From: David & Jan Harris ^lt;[email protected]>
Date: 07/25/05-12:55:49 PM Z
Message-id: <006101c5914a$7ee2fe20$93bf6951@sotera>

I haven't tried a sun exposure, the sun here isn't reliably bright :-) , but
my thinking was based on the fact that I'm using a facial sun-lamp as a
light source, which comes with fairly stringent recommendations as to
maximum use. Even allowing for over-cautious manufacturers this suggests a
higher UV exposure (at the distance used) than they expect you to get from
the sun. It would be interesting to know which wavelength of light is most
active in causing the gum/dichromate hardening reaction - one for the
chemists to think about! Do we all use UV just because it's the easiest way
to get a suitable light intensity, or is the UV itself necessary? I'm pretty
new to alt process so my sorry if I'm asking silly questions!

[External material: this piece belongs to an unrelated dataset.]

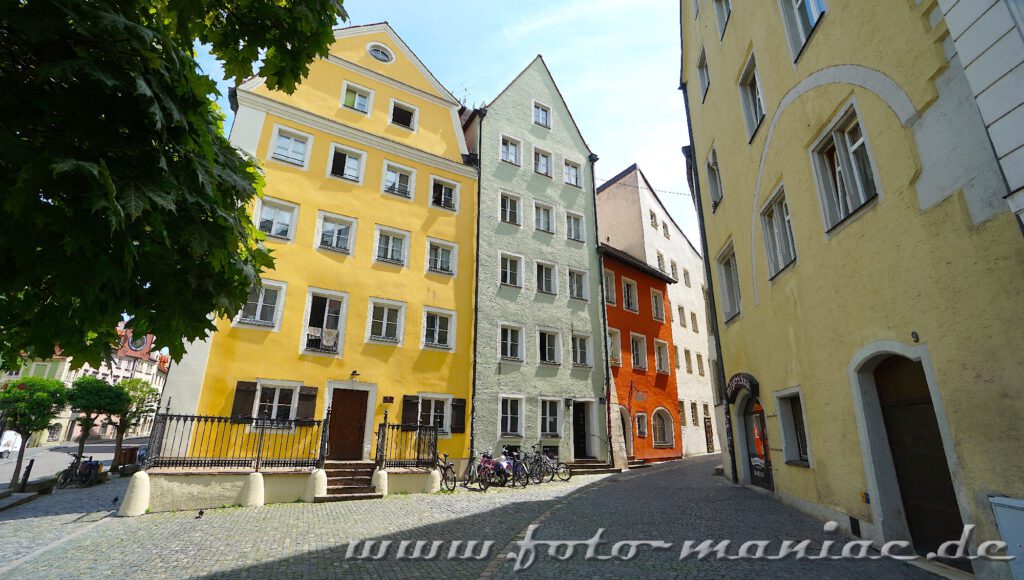Farbenfrühe Fassaden im Zentrum von Regensburg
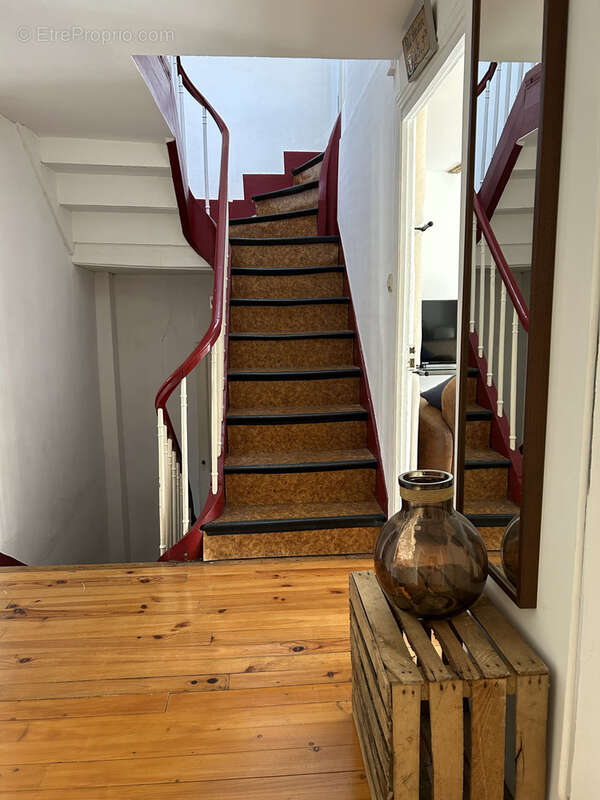 Maison de  155m2 avec local 80 m2 MORLAIX - photo 15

----- Original Message -----
From: "Katharine Thayer" <>
To: <>
Sent: Monday, July 25, 2005 11:44 AM
Subject: Re: Fugitive pigments

> David & Jan Harris wrote:
> >
> > Given that watercolour pigments are affected by light, and when we
expose a
> > gum print we expose the pigments to a lot of UV; probably more UV light
> > a watercolour print probably gets over a period of a year; will some of
> > pigments already have faded by the time we have finished a gum print, or
> > would more occur later? I know this will vary with different pigments,
but I
> > am interested in the general rule. Do manufacturers test the pigment by
> > intense exposure to light (or UV)?
> Hi Jan,
> Interesting thought, but I don't expect the amount of UV a gum print
> gets in exposure would be very significant with regard to fading. It
> depends on the light of course, but in my experience most lights we use
> indoors take longer exposure than direct exposure to the sun does, so I
> would deduce from that that in general, exposing a gum print with
> whatever light would give it the same or less UV than exposing it
> directly to the sun for the same amount of time. Certainly a few
> minutes exposure to the sun shouldn't cause any noticeable fading.